Just as with Microdea and Fulcrum, negotiations took longer that anticipated: Alberta’s economic downturn took its toll, the pair disagreed over how to value the business, and they had to determine how Mr. Laczko, who had little wealth of his own, could pay for it.

The answer was a leveraged buyout, quarterbacked in part by advisors from MNP LLP, an accounting and advisory firm in Calgary. Rebel Heart’s assets were put up as collateral for a loan to Mr. Laczko, and the pair agreed on a vendor take-back agreement, in which Mr. Kellert would get the business back in the case of a default.

“It involved a lot of risk on my part,” Mr. Kellert says, “and I had to believe in my company, and that Josh was the right guy.”

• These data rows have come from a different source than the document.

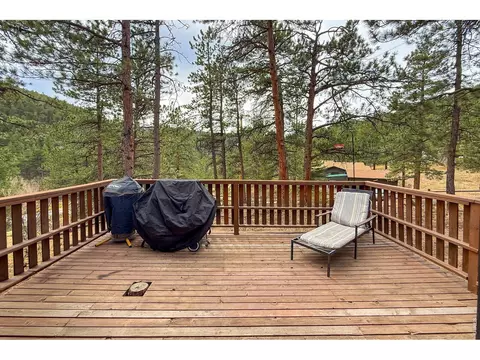 Exterior - 34 Cedar Dr, Lyons, CO 80540 photo 4 of 16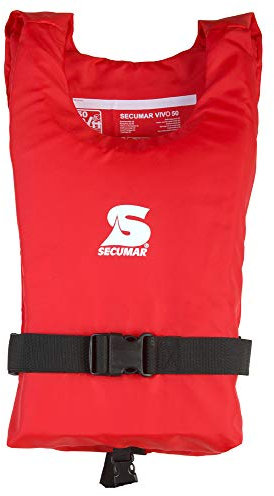 Secumar VIVO 50 Schwimmhilfe Rot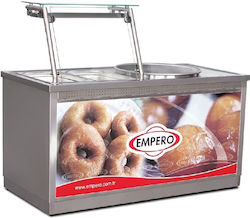 Empero Kommerzielle Donutmaschine Handbuch 25lt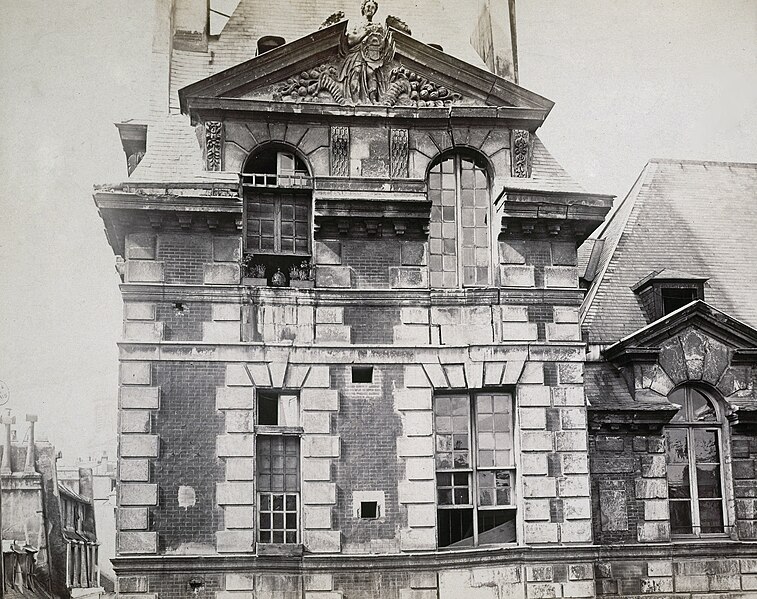 Hôtel de Furstemberg - Paris 6ème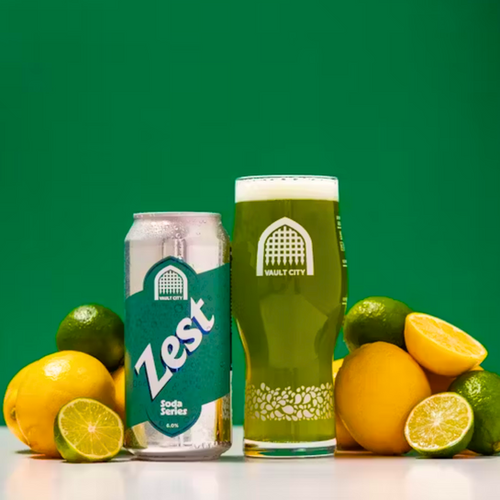 Zest - Fruited Sour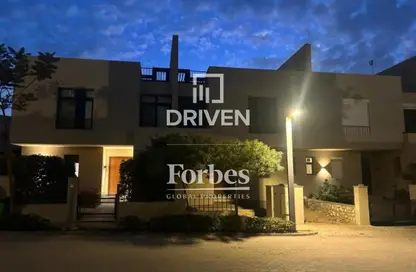 Townhouse - 3 Bedrooms - 3 Bathrooms for sale in O West - 6 October Compounds - 6 October City - Giza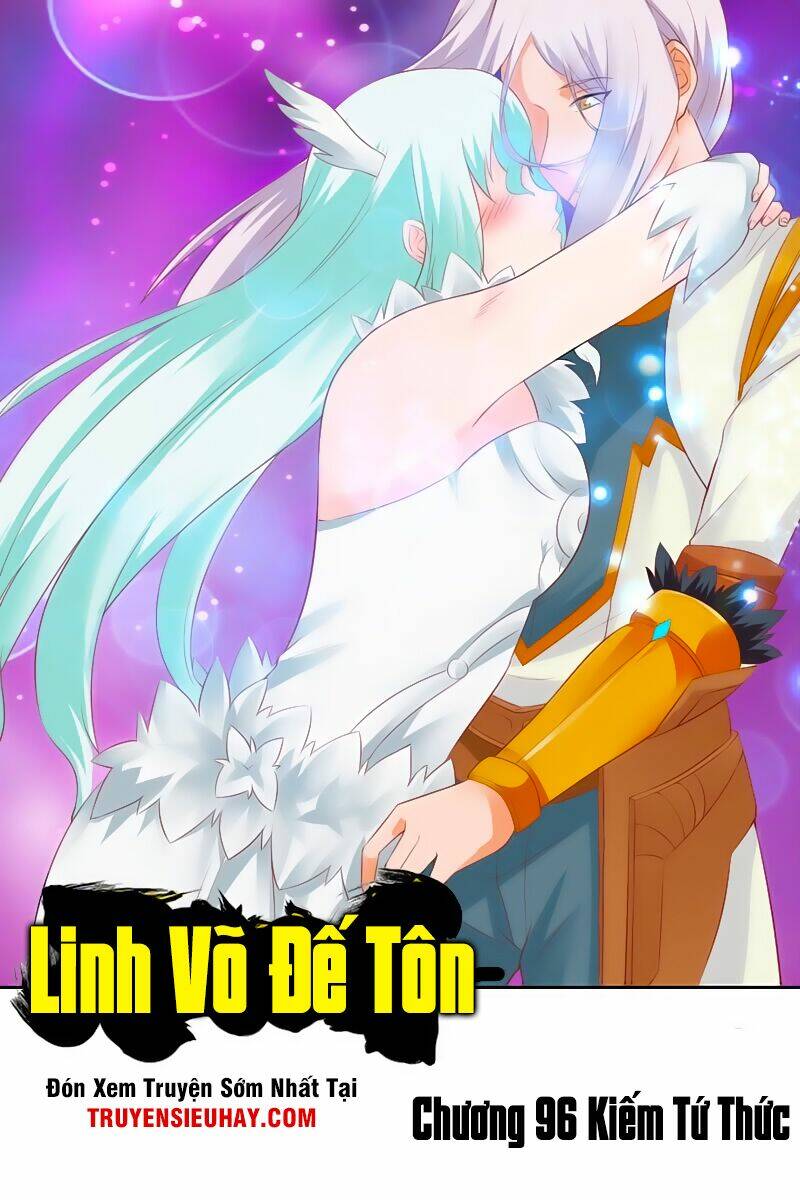 Linh Võ Đế Tôn: Chapter 96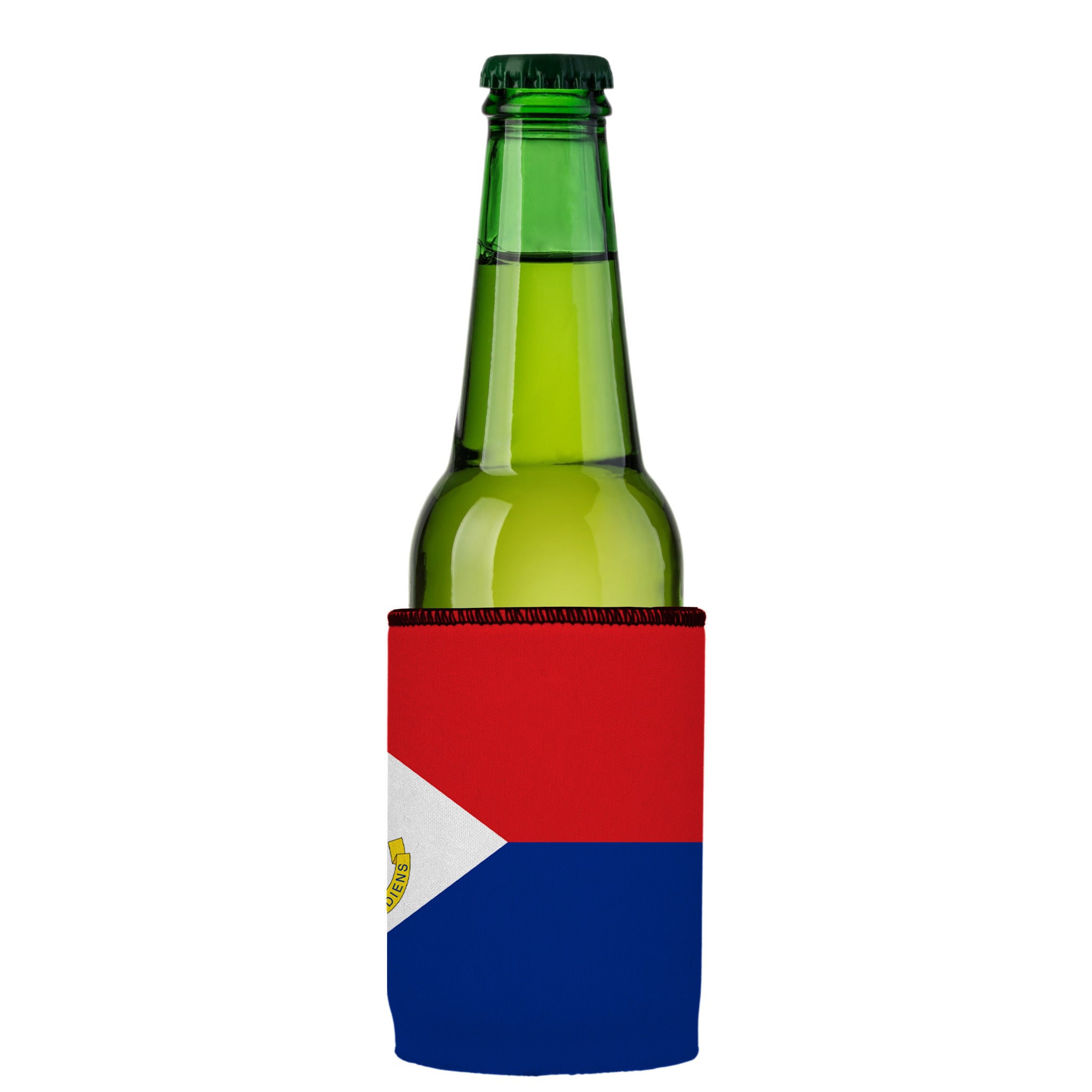 Stubbyz Flag of Sint Maarten (Dutch part) Stubby Cooler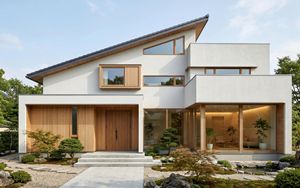 La <span class=keywords><strong>Villa</strong></span> de Dos Pisos con Estructura de Acero Adopta Materiales de Acero Estándar ASTM, con Seis Dormitorios y una Sala de Estar Espaciosa - Product Image 2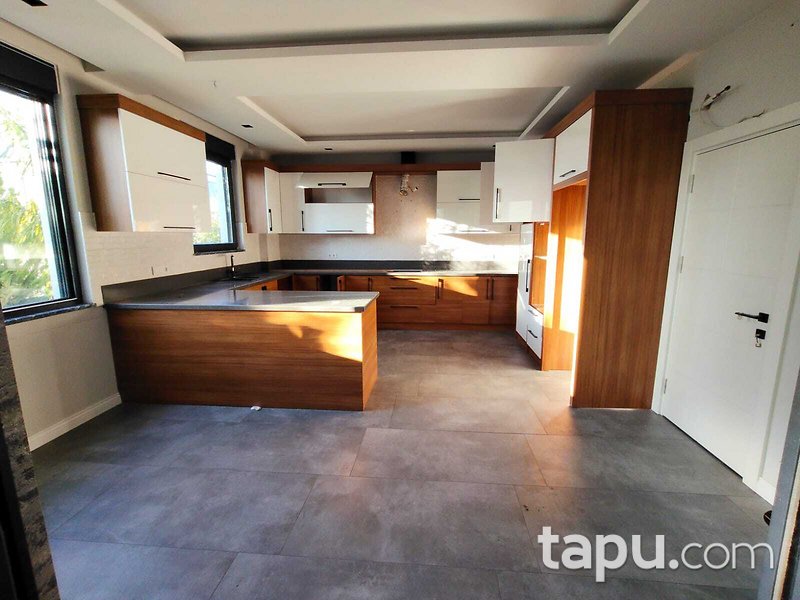 Antalya Döşemealtı'da 5+1 Villa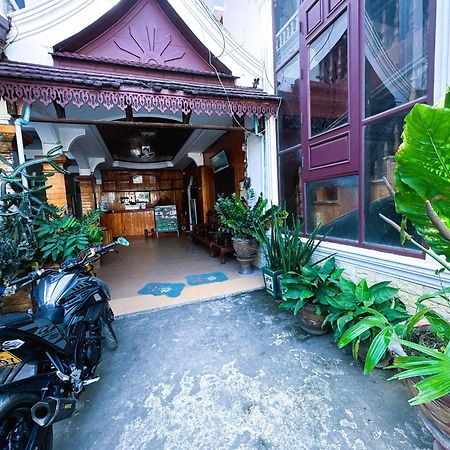 Walking Street Hotel Ванг-В'єнг Екстер'єр фото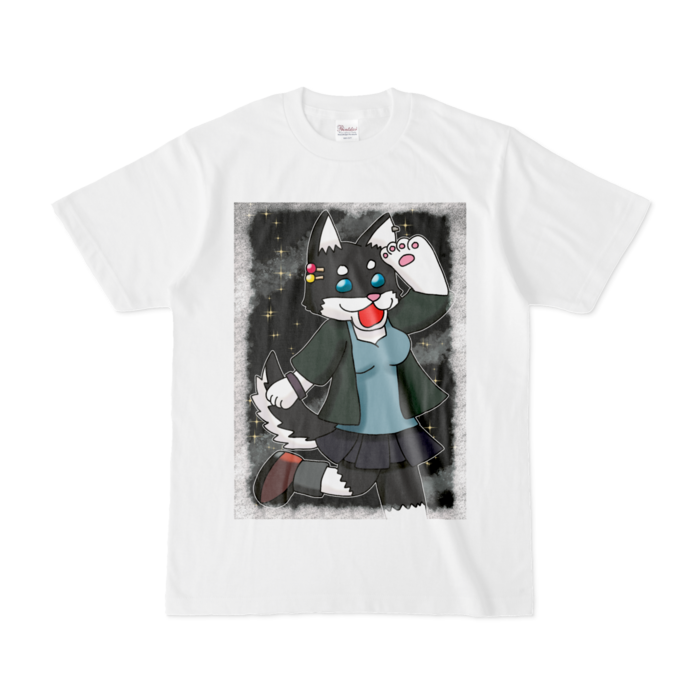 Tシャツ - S - 白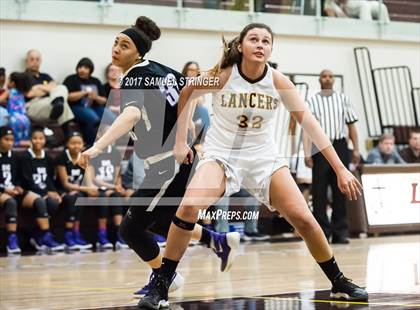 Thumbnail 3 in Sacramento @ Saint Francis (CIF NorCal D2 Regional Playoff) photogallery.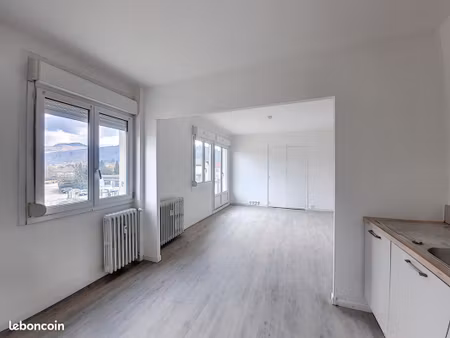lot de 3 appartements situés à le thillot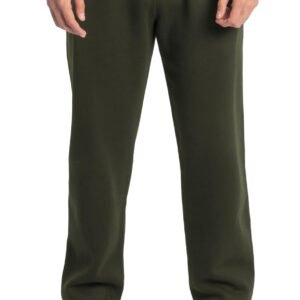 Eversoft Fleece Joggers with Pockets, Relaxed Fit, Moisture Wicking, Breathable, Tapered Sweatpants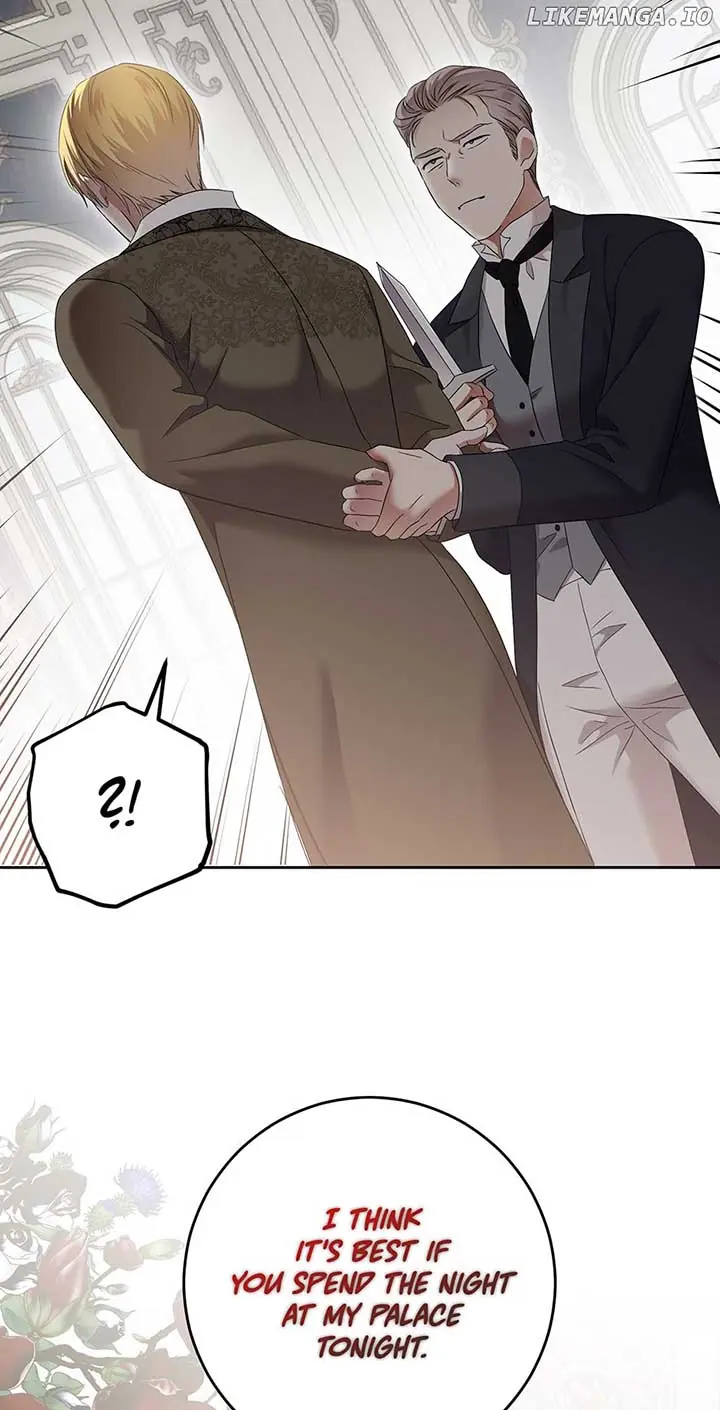 I Fell into a Reverse Harem Game Chapter 106 Page 11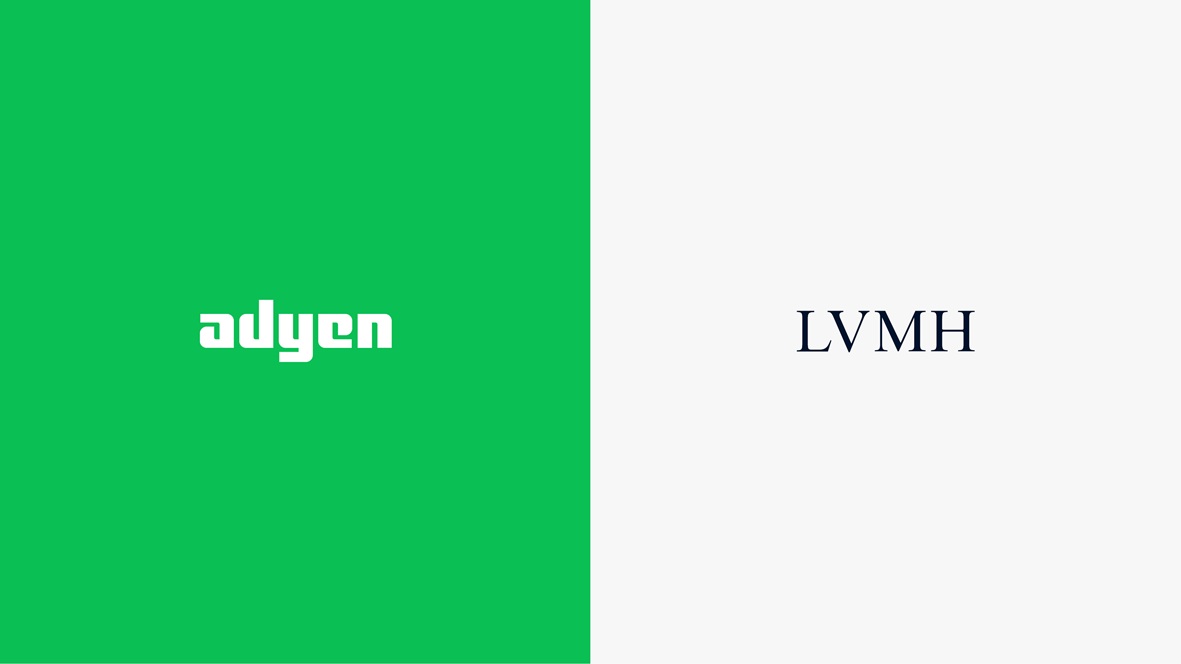 Adyen ondersteunt wereldwijde betaalharmonisatie bij LVMH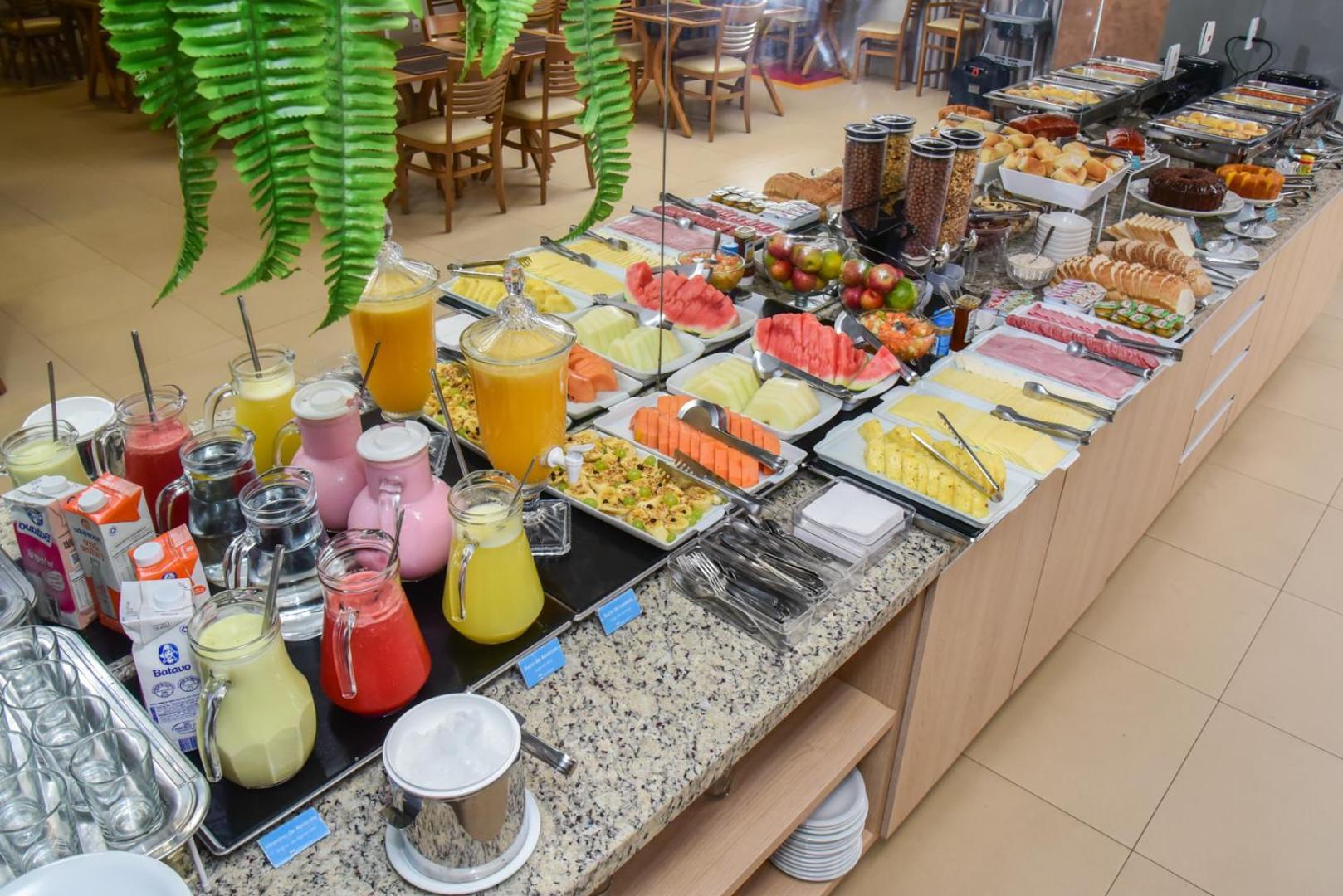Hotel Plaza Garden Cascavel  Luaran gambar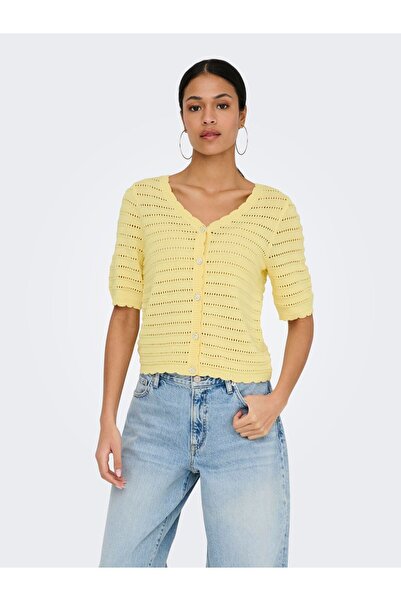 JDY Strickjacke JDYTANJA Strickjacke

That kind of gut feeling has a role to play in those decisions, says Mr. Ruskin, who sold Microdea in 2013 and today helps other entrepreneurs with their own transition planning. But it’s not a substitute for step-by-step planning.

“A home buyer is emotional,” he says. “A business buyer is not – they’re rigorous, diligent and prepared.

“Selling your company is probably the biggest single deal you’ll ever make, and it’s amazing that the opportunity to do it right is so often under-appreciated until it’s too late.”